Still, it would have been nice to be able to tell him he was wrong.
‘Deep in thought?’ asked a resonant voice behind her.
Tea sloshed over the rim of the cup and splashed on her hand. ‘Oh, Dillon, hi,’ she said, switching hands and shaking her fingers.
‘Sorry,’ he said with a grin, as he fossicked in a cupboard for his mug. ‘I didn’t mean to startle you.’
She smiled back despite the sting in her fingers. Impossible not to return a grin like Dillon’s really, not when it came gift wrapped in a tall, dark and square-jawed twenty-something footballer package. No wonder all the pretty young things had sat up and taken notice when he’d joined the firm a few months back.
‘You caught me lost in the hidden delights of self-managed superannuation funds.’ Which was only a tiny white lie.
He cocked an eyebrow as he reached for a coffee capsule. ‘There are hidden delights in self-managed super funds?’
‘No,’ she said. ‘Sorry, I just made that up.’
‘Damn. And there was me about to ask for a transfer from insolvency to come play in your superannuation sand pit.’
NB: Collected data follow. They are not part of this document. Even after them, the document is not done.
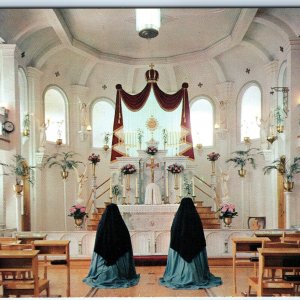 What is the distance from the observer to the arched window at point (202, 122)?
1122 cm

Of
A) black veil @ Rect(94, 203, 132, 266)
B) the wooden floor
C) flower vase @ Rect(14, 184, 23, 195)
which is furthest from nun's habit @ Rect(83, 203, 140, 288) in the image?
flower vase @ Rect(14, 184, 23, 195)

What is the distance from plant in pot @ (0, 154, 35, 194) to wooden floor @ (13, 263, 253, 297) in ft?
6.45

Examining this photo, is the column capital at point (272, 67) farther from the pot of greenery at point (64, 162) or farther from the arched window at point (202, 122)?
the pot of greenery at point (64, 162)

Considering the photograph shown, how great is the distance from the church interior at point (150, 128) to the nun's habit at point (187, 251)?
5.73 feet

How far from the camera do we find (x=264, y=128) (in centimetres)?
1086

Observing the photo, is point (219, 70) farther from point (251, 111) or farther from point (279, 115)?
point (279, 115)

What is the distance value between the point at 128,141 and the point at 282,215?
14.1ft

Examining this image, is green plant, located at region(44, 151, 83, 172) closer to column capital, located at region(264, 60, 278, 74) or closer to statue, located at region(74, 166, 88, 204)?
statue, located at region(74, 166, 88, 204)

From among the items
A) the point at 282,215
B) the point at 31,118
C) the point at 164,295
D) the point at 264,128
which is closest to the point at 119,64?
the point at 31,118

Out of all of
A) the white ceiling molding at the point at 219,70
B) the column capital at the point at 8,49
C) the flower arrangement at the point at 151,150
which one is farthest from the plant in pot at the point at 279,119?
the column capital at the point at 8,49

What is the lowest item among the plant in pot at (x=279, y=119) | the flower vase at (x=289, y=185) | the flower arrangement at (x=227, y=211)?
the flower arrangement at (x=227, y=211)

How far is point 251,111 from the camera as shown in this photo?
1134cm

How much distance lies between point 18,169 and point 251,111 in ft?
19.9

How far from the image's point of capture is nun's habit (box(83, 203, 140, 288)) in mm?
7406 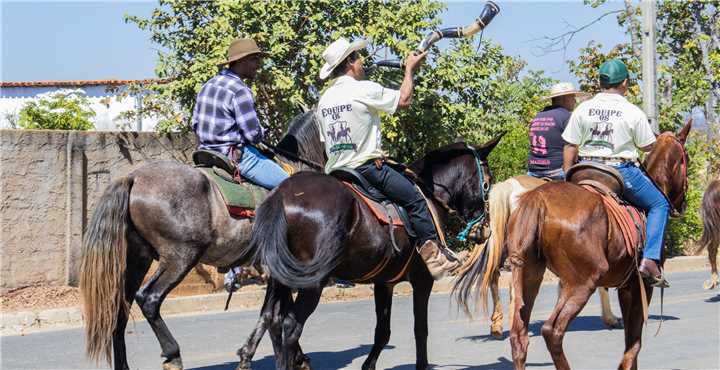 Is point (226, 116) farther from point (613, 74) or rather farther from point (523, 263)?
point (613, 74)

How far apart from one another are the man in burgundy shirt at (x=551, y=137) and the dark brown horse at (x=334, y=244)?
8.66 ft

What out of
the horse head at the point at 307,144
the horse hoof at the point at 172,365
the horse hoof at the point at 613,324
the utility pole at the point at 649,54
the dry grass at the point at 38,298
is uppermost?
the utility pole at the point at 649,54

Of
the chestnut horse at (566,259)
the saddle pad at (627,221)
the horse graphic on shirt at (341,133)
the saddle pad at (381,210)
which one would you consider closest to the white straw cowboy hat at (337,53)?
the horse graphic on shirt at (341,133)

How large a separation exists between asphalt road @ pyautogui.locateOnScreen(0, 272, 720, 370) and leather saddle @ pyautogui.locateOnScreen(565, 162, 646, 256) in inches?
62.5

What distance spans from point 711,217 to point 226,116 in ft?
26.0

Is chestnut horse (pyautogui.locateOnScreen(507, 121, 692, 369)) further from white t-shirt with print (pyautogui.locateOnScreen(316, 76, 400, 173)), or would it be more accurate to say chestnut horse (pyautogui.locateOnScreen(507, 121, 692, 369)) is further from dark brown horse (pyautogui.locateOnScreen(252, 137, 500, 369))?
white t-shirt with print (pyautogui.locateOnScreen(316, 76, 400, 173))

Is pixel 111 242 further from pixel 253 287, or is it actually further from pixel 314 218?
pixel 253 287

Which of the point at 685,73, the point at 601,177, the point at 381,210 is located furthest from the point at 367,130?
the point at 685,73

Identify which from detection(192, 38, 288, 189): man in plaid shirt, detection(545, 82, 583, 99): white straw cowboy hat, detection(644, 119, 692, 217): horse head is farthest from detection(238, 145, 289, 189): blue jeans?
detection(545, 82, 583, 99): white straw cowboy hat

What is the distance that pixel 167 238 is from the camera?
28.5 feet

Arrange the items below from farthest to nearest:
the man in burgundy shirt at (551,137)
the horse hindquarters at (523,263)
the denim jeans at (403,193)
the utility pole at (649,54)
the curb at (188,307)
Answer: the utility pole at (649,54) → the curb at (188,307) → the man in burgundy shirt at (551,137) → the denim jeans at (403,193) → the horse hindquarters at (523,263)

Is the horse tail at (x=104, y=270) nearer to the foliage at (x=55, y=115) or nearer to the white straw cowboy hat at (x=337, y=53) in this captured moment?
the white straw cowboy hat at (x=337, y=53)

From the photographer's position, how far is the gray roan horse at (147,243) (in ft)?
27.5

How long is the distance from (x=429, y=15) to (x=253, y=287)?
468 centimetres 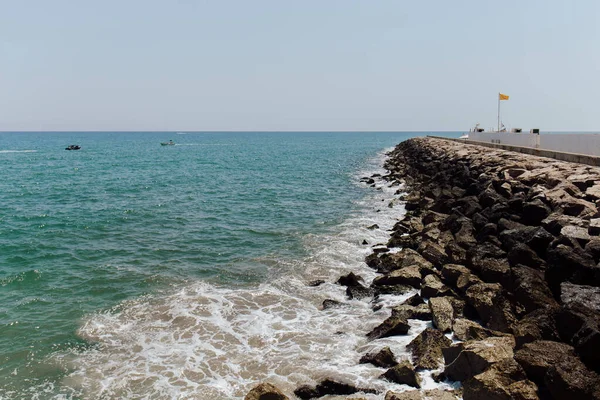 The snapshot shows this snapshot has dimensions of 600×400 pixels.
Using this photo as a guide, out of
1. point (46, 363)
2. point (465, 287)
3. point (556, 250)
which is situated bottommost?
point (46, 363)

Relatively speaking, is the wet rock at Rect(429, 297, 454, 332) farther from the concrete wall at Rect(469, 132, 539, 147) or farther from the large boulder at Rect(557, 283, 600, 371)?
the concrete wall at Rect(469, 132, 539, 147)

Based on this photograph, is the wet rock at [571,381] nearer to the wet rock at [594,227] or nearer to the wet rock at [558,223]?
the wet rock at [594,227]

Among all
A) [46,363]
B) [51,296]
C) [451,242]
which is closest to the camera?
[46,363]

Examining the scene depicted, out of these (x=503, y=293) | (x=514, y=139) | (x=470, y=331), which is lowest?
(x=470, y=331)

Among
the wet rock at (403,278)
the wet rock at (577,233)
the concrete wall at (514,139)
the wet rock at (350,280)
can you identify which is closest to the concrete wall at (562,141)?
the concrete wall at (514,139)

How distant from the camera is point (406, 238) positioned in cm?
1395

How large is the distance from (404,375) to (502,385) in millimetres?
1514

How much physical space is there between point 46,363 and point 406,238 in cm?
1003

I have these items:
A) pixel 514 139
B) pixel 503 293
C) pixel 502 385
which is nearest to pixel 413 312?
pixel 503 293

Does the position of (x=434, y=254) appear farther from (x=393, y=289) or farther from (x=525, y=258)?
(x=525, y=258)

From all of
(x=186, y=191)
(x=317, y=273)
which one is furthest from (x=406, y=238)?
(x=186, y=191)

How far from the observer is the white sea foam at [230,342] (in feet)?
22.5

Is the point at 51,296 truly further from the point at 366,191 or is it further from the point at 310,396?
the point at 366,191

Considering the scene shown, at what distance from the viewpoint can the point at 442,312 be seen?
7770mm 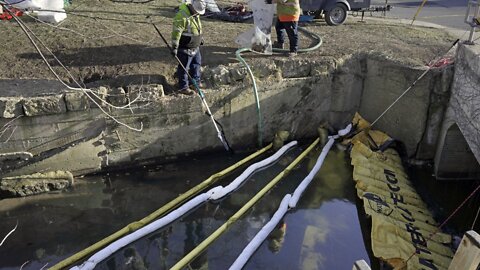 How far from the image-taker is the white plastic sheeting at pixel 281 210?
22.5 feet

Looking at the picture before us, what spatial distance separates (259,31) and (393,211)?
5.39m

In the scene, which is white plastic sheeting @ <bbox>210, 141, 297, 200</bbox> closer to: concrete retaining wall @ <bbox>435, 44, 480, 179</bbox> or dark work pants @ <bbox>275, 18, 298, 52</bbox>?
dark work pants @ <bbox>275, 18, 298, 52</bbox>

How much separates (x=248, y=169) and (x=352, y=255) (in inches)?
113

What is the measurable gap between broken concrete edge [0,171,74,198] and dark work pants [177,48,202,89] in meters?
3.01

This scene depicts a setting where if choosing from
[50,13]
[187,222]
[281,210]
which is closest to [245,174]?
[281,210]

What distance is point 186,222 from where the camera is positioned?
7902mm

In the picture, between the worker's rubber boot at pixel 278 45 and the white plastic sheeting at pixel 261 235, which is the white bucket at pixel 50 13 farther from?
the white plastic sheeting at pixel 261 235

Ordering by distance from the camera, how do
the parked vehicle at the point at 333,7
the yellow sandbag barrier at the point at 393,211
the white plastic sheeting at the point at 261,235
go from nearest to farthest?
the white plastic sheeting at the point at 261,235 < the yellow sandbag barrier at the point at 393,211 < the parked vehicle at the point at 333,7

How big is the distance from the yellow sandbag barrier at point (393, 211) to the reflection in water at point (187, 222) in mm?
432

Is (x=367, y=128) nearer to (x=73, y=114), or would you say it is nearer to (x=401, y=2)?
(x=73, y=114)

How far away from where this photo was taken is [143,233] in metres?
7.21

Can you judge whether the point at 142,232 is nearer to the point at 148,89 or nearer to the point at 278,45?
the point at 148,89

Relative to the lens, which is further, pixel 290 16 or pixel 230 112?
pixel 290 16

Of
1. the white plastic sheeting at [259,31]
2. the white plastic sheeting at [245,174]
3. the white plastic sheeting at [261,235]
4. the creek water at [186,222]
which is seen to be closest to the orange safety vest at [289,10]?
the white plastic sheeting at [259,31] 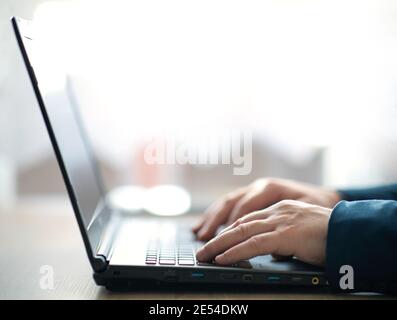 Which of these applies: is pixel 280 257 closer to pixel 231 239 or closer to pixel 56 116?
pixel 231 239

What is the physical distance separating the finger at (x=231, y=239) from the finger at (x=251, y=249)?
0.02 metres

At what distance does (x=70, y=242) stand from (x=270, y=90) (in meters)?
0.83

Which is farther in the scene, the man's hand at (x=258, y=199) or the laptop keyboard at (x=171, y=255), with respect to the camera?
the man's hand at (x=258, y=199)

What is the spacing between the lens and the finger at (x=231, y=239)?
0.66 m

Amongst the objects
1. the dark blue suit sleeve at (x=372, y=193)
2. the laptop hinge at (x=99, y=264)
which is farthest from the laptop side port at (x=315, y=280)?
the dark blue suit sleeve at (x=372, y=193)

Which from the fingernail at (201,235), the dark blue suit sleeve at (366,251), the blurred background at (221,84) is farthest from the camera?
the blurred background at (221,84)

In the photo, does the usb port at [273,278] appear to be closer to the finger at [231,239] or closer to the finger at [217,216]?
the finger at [231,239]

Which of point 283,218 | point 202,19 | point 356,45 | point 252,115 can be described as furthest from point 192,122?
point 283,218

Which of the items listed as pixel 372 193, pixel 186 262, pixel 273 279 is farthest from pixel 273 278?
pixel 372 193

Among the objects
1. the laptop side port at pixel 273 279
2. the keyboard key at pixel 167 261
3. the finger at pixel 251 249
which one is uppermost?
the finger at pixel 251 249

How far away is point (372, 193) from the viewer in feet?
3.29

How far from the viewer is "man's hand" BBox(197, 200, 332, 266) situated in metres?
0.63

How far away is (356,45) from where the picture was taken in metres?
1.47

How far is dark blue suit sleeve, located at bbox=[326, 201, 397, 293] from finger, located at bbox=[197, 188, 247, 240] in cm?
32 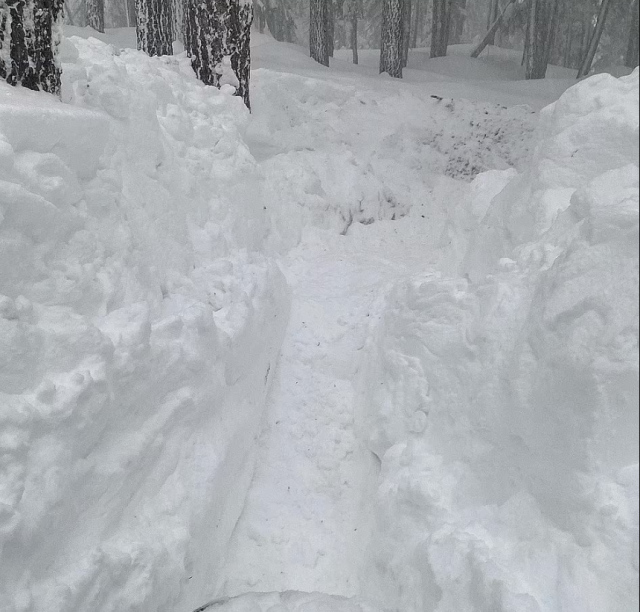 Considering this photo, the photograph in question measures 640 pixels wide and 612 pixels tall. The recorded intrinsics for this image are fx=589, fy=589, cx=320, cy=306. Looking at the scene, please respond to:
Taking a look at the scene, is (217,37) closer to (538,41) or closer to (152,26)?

She laughed. This day was getting better and better. She knew better than to think Dillon was flirting with her—she had something like a decade on him and he was clearly just a natural-born charmer. But right now she felt like being charmed. It had been too long since she’d felt so light-hearted. She sipped her tea. ‘So, how are you settling in to FRL then?’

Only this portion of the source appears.